[PlanetCCRMA] Pentium-4 and denormal numbers on planetccrma

Steve Harris S.W.Harris@ecs.soton.ac.uk
Wed Jan 12 03:41:01 2005


On Mon, Jan 10, 2005 at 11:07:55 +0100, andersvi@extern.uio.no wrote:
> I see in the list-archives there has been issues around denormal
> numbers, but it seems limitied to the ladspa tap-plugin.

They effect most things that do serious DSP work.
 
> Recently found that planetccrma's dist of pd & externals gave
> some trouble related to "denormal numbers" on a pentium-4 based
> laptop here.
> 
> Problem was it went up to 90+% cpu, and stayed there, while same
> patch on athlon-based machine (half the speed) ran at 20%.
> 
> It seems that these numbers - very small numbers - are optimized
> to zero automatically on some cpu's, while others, like my
> P4-based here, need special handling when compiling apps.

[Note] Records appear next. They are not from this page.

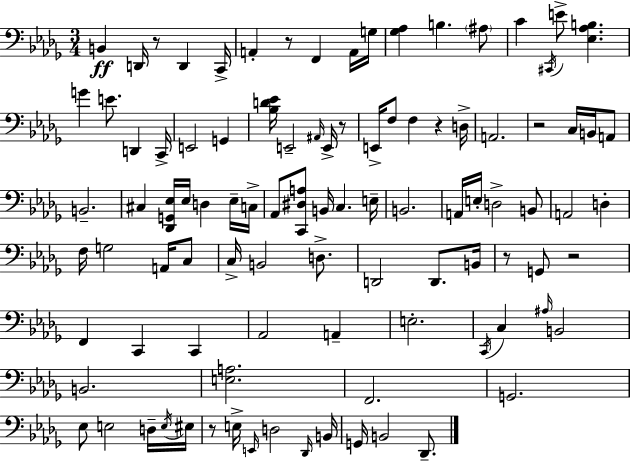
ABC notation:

X:1
T:Untitled
M:3/4
L:1/4
K:Bbm
B,, D,,/4 z/2 D,, C,,/4 A,, z/2 F,, A,,/4 G,/4 [_G,_A,] B, ^A,/2 C ^C,,/4 E/2 [_E,_A,B,] G E/2 D,, C,,/4 E,,2 G,, [_B,D_E]/4 E,,2 ^A,,/4 E,,/4 z/2 E,,/4 F,/2 F, z D,/4 A,,2 z2 C,/4 B,,/4 A,,/2 B,,2 ^C, [_D,,G,,_E,]/4 _E,/4 D, _E,/4 C,/4 _A,,/2 [C,,^D,A,]/2 B,,/4 C, E,/4 B,,2 A,,/4 E,/4 D,2 B,,/2 A,,2 D, F,/4 G,2 A,,/4 C,/2 C,/4 B,,2 D,/2 D,,2 D,,/2 B,,/4 z/2 G,,/2 z2 F,, C,, C,, _A,,2 A,, E,2 C,,/4 C, ^A,/4 B,,2 B,,2 [E,A,]2 F,,2 G,,2 _E,/2 E,2 D,/4 E,/4 ^E,/4 z/2 E,/4 E,,/4 D,2 _D,,/4 B,,/4 G,,/4 B,,2 _D,,/2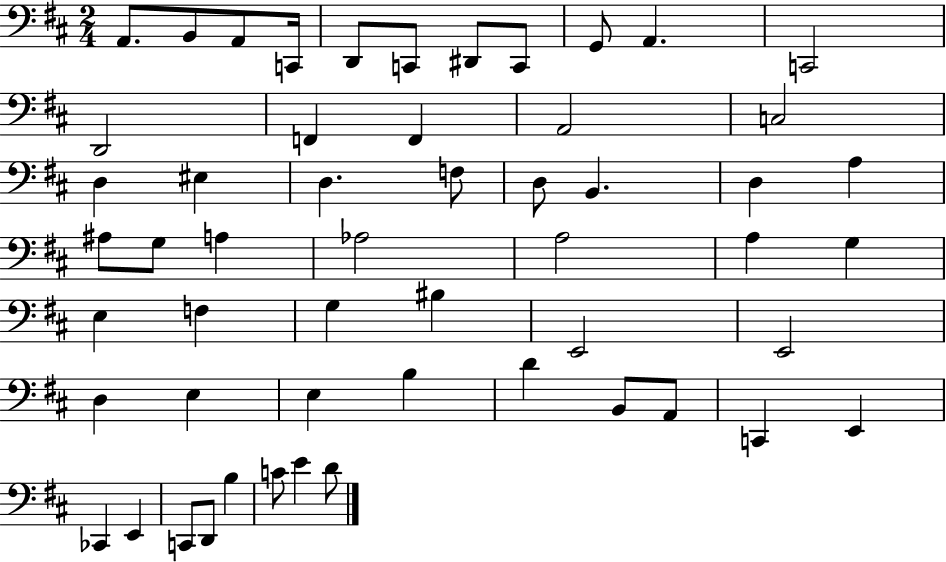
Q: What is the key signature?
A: D major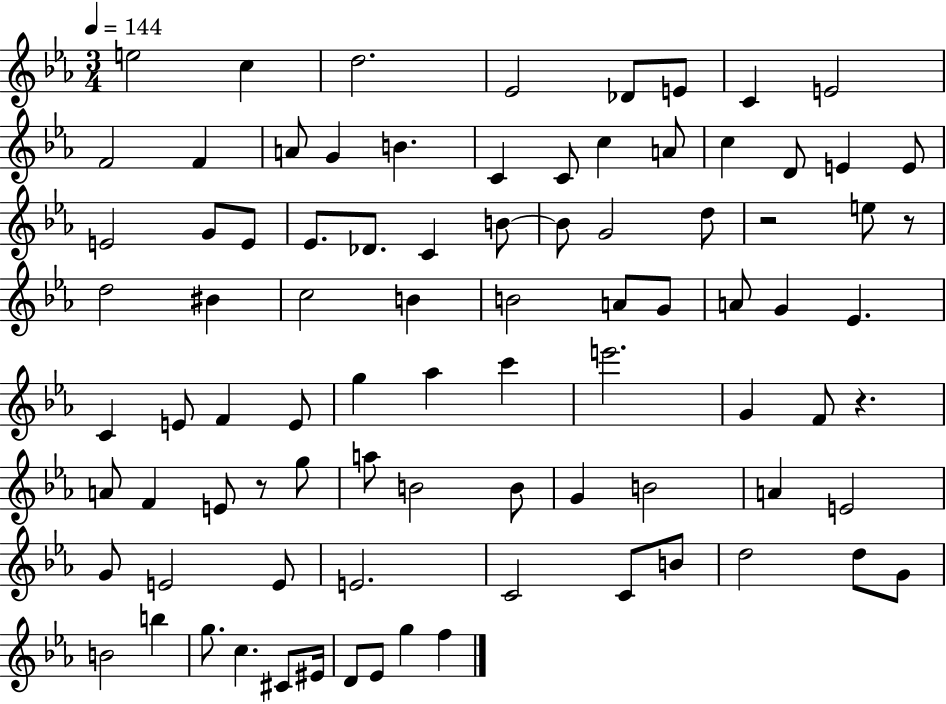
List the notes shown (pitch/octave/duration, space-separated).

E5/h C5/q D5/h. Eb4/h Db4/e E4/e C4/q E4/h F4/h F4/q A4/e G4/q B4/q. C4/q C4/e C5/q A4/e C5/q D4/e E4/q E4/e E4/h G4/e E4/e Eb4/e. Db4/e. C4/q B4/e B4/e G4/h D5/e R/h E5/e R/e D5/h BIS4/q C5/h B4/q B4/h A4/e G4/e A4/e G4/q Eb4/q. C4/q E4/e F4/q E4/e G5/q Ab5/q C6/q E6/h. G4/q F4/e R/q. A4/e F4/q E4/e R/e G5/e A5/e B4/h B4/e G4/q B4/h A4/q E4/h G4/e E4/h E4/e E4/h. C4/h C4/e B4/e D5/h D5/e G4/e B4/h B5/q G5/e. C5/q. C#4/e EIS4/s D4/e Eb4/e G5/q F5/q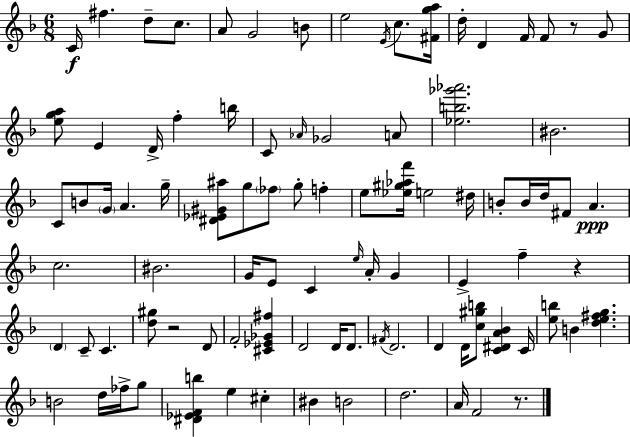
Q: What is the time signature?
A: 6/8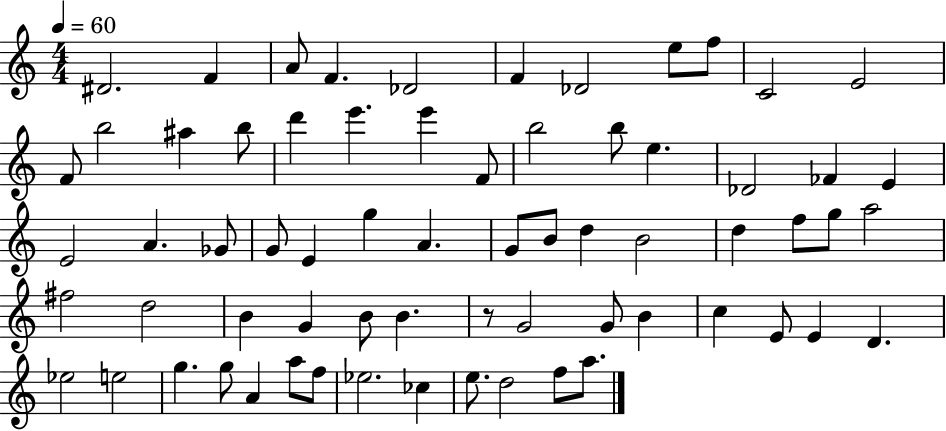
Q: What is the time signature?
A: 4/4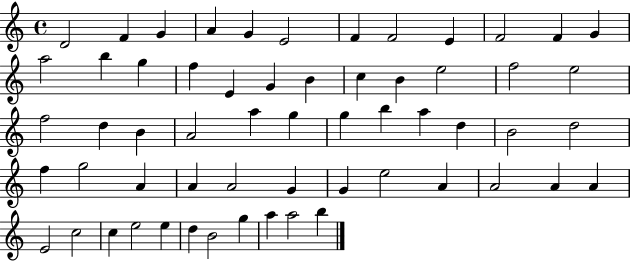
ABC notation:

X:1
T:Untitled
M:4/4
L:1/4
K:C
D2 F G A G E2 F F2 E F2 F G a2 b g f E G B c B e2 f2 e2 f2 d B A2 a g g b a d B2 d2 f g2 A A A2 G G e2 A A2 A A E2 c2 c e2 e d B2 g a a2 b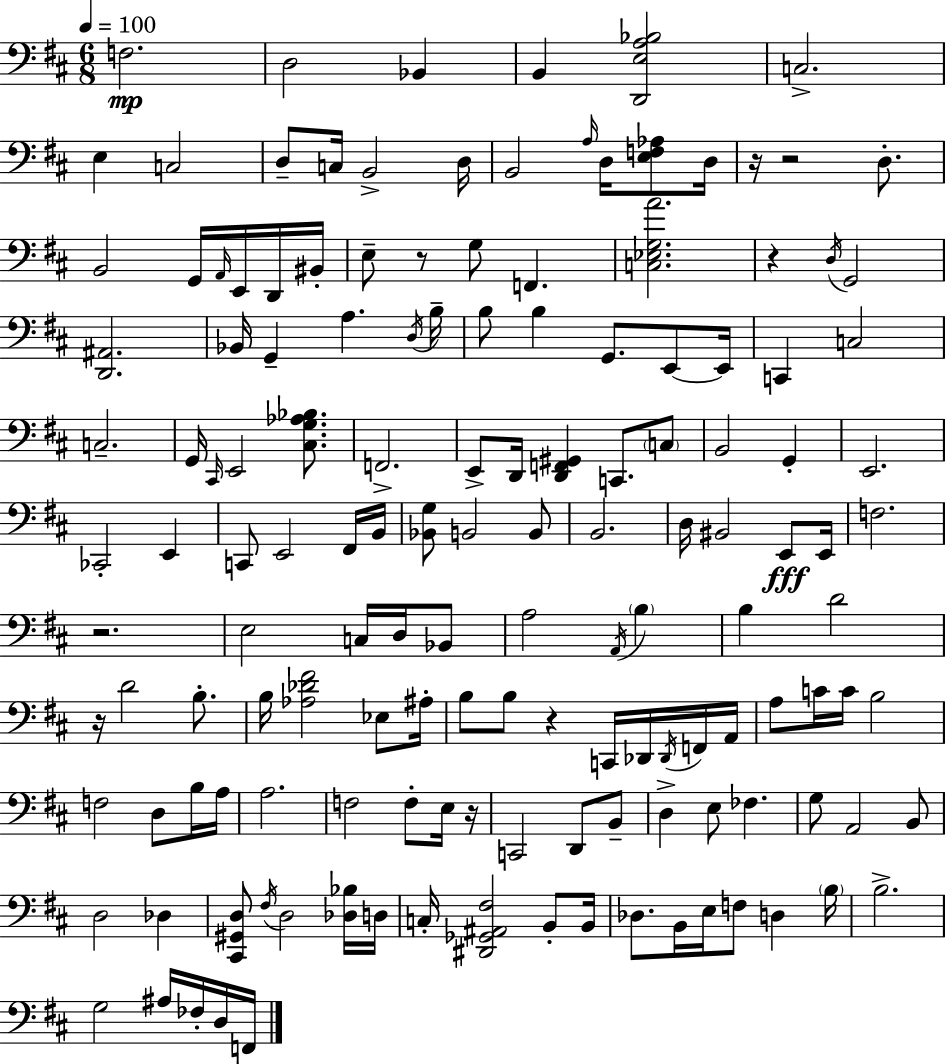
X:1
T:Untitled
M:6/8
L:1/4
K:D
F,2 D,2 _B,, B,, [D,,E,A,_B,]2 C,2 E, C,2 D,/2 C,/4 B,,2 D,/4 B,,2 A,/4 D,/4 [E,F,_A,]/2 D,/4 z/4 z2 D,/2 B,,2 G,,/4 A,,/4 E,,/4 D,,/4 ^B,,/4 E,/2 z/2 G,/2 F,, [C,_E,G,A]2 z D,/4 G,,2 [D,,^A,,]2 _B,,/4 G,, A, D,/4 B,/4 B,/2 B, G,,/2 E,,/2 E,,/4 C,, C,2 C,2 G,,/4 ^C,,/4 E,,2 [^C,G,_A,_B,]/2 F,,2 E,,/2 D,,/4 [D,,F,,^G,,] C,,/2 C,/2 B,,2 G,, E,,2 _C,,2 E,, C,,/2 E,,2 ^F,,/4 B,,/4 [_B,,G,]/2 B,,2 B,,/2 B,,2 D,/4 ^B,,2 E,,/2 E,,/4 F,2 z2 E,2 C,/4 D,/4 _B,,/2 A,2 A,,/4 B, B, D2 z/4 D2 B,/2 B,/4 [_A,_D^F]2 _E,/2 ^A,/4 B,/2 B,/2 z C,,/4 _D,,/4 _D,,/4 F,,/4 A,,/4 A,/2 C/4 C/4 B,2 F,2 D,/2 B,/4 A,/4 A,2 F,2 F,/2 E,/4 z/4 C,,2 D,,/2 B,,/2 D, E,/2 _F, G,/2 A,,2 B,,/2 D,2 _D, [^C,,^G,,D,]/2 ^F,/4 D,2 [_D,_B,]/4 D,/4 C,/4 [^D,,_G,,^A,,^F,]2 B,,/2 B,,/4 _D,/2 B,,/4 E,/4 F,/2 D, B,/4 B,2 G,2 ^A,/4 _F,/4 D,/4 F,,/4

Its not that exactly, athlons can process denormal numbers much more
efficiently that P4's, but they dont zero them implicitly, that would
break the IEEE FP spec.
 
> The fix was to recompile pd and the percolate-lib with
> 
>   -mcpu=pentium4 -mfpmath=sse -msse
> 
> included in CFLAGS (not sure whether "-mcpu=pentium4" actually
> was necessary).
> 
> Ive started recompiling various externals and other things with
> the flags included.  Im not sure, but wouldnt this be a problem
> with all apps running loops calculating numbers around zero
> somewhere.  Would it be a solution to compile coming upgrades at
> planetccrma with these same flags?

You dont need -mcpu=pentium4. It will help P4's, and Athlon
XP's and PIII's to a lesser extent, but it will not work on pre-XP Athlons
or Pentium II's and older, or chips by most other manufacturers.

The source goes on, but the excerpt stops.